Brazil’s Vice President Geraldo Alckmin and Chinese coffee roasting and retail giant Luckin Coffee signed a memorandum of understanding (MoU) this week for a trade deal involving the purchase of approximately 120,000 tons of Brazilian coffee.
According to the Brazilian state news agency AgênciaBrasil, the deal would equate to roughly $500 million in coffee exports. For the market year 2024/25, that would represent approximately 5% of Brazil’s total annual export earnings, according to the latest estimates from the USDA’s Foreign Agriculture Service (FAS).
By comparison, Brazilian coffee exports to China for the entire 2023 year amounted to $280 million. China recently surpassed the United States as the country with the largest number of coffee shops, with approximately 50,000 estimated.
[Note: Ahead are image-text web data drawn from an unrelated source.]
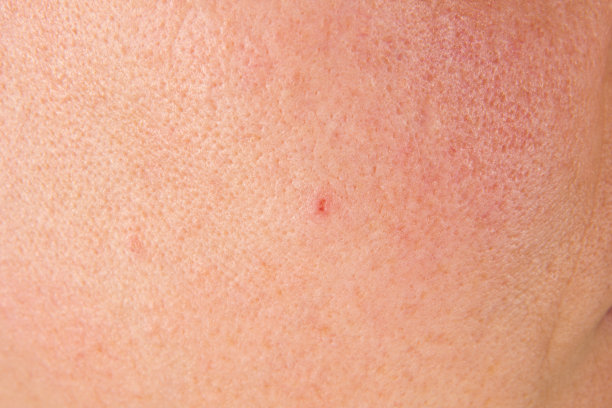 pores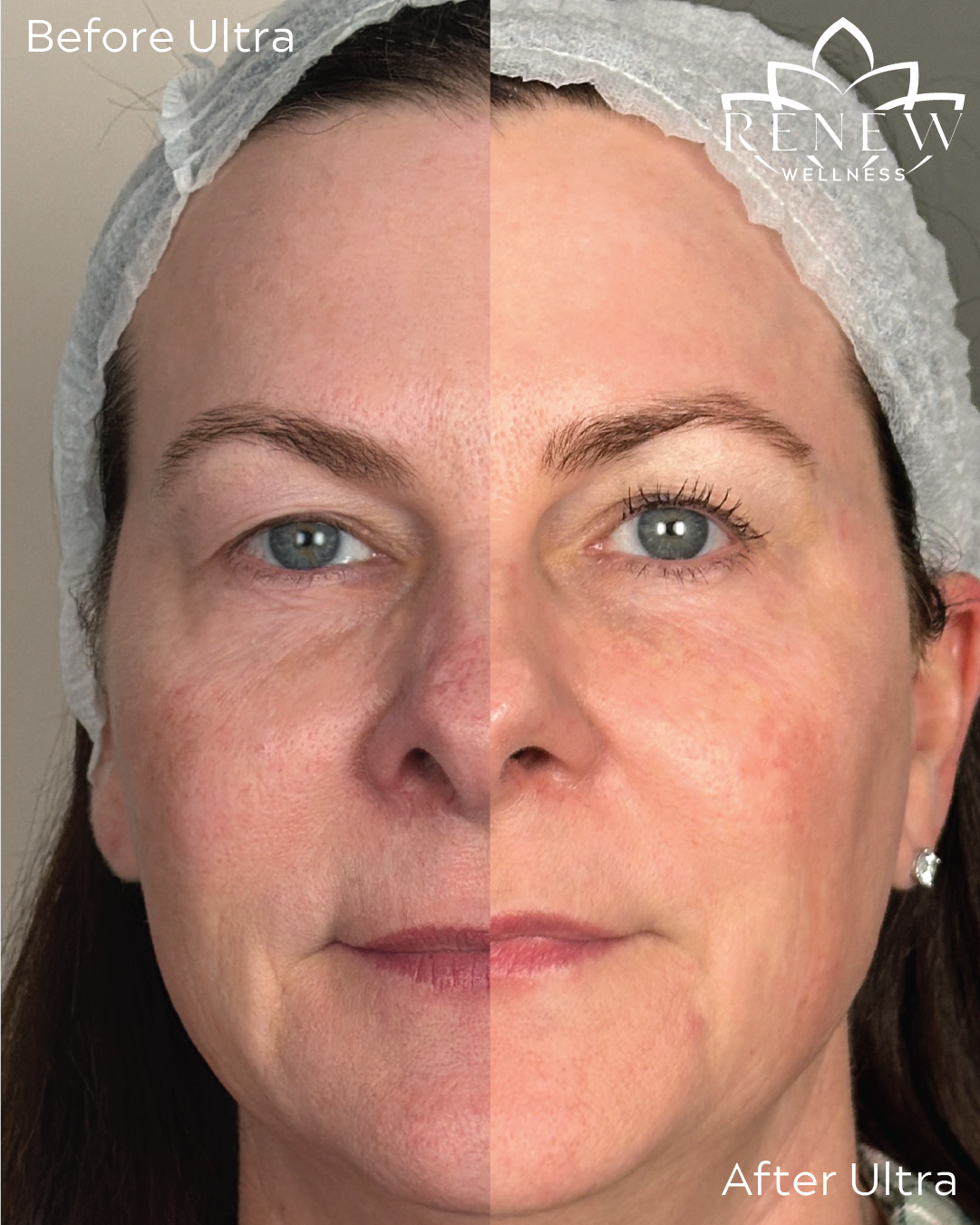 LaseMD Ultra before and after showing brighter, more even-looking skin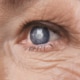 Cataract surgery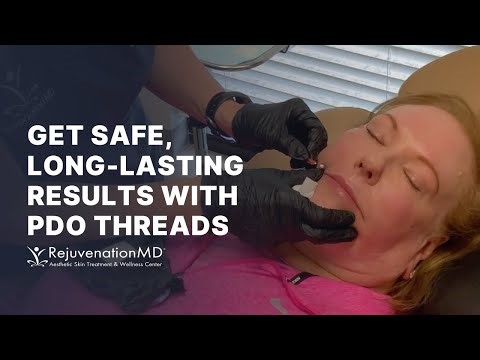 Smooth Upper Lip Lines with PDO Threads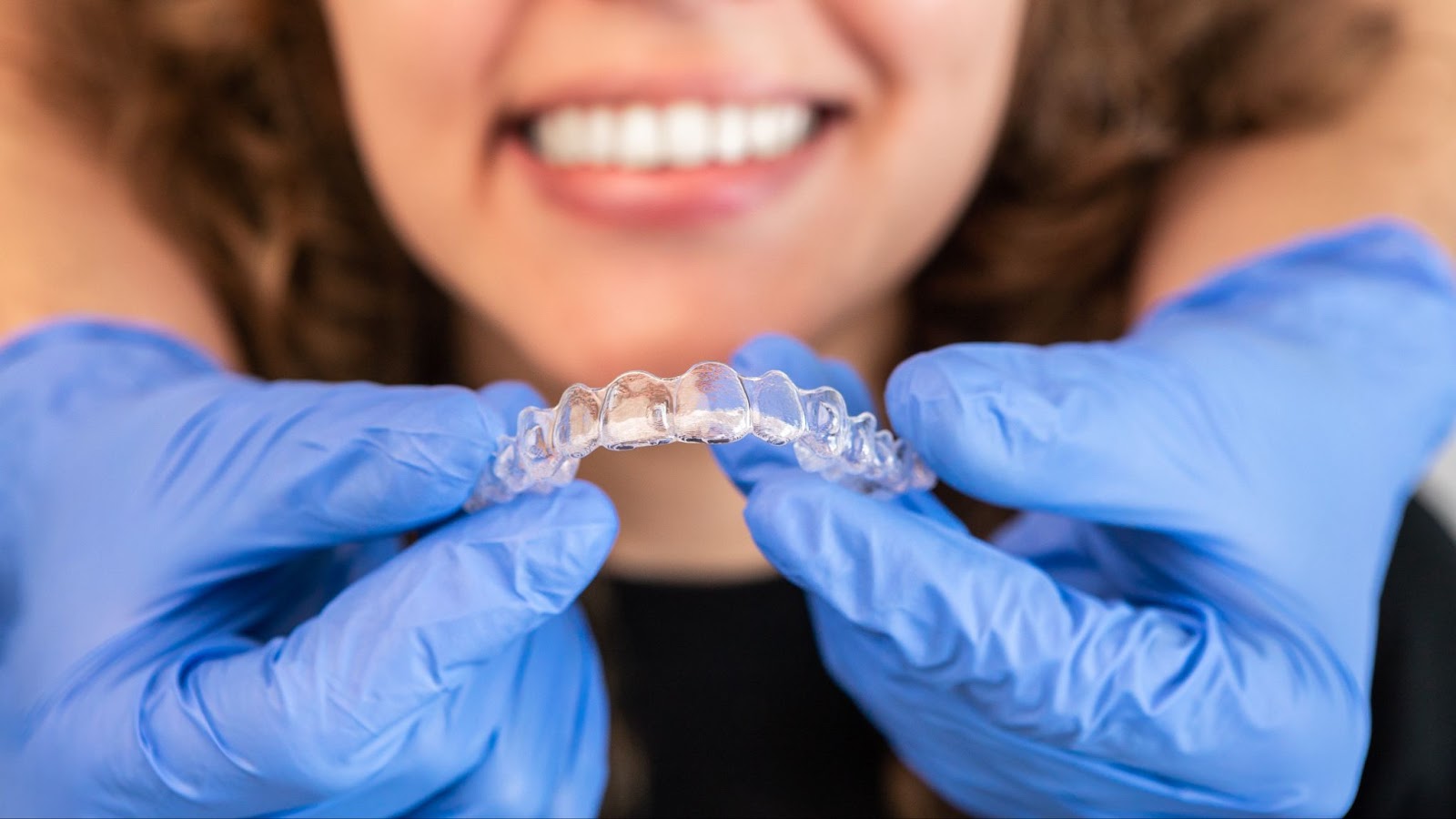 Are Clear Aligners Worth the Investment? 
Luckin Coffee says it has more than 16,000 stores throughout China, making it the largest domestic coffee chain ahead of competitors such as Starbucks (approximately 6,800 stores, as of late 2023) and Cotti Coffee (approximately 7,000 stores, as of March 2024). By the third quarter of 2023, Luckin Coffee was opening an average of 16.5 stores per day.
The company operates two large production roasteries in China, including a recently inaugurated $120 million facility in Kunshan. The Brazilian news agency described the company as the “primary importer of Brazilian coffee in China.”
Facilitated by the Brazilian export promotion agency ApexBrasil, the coffee deal was one of 12 MoUs signed with the goal of boosting Brazil’s presence in the Asian market.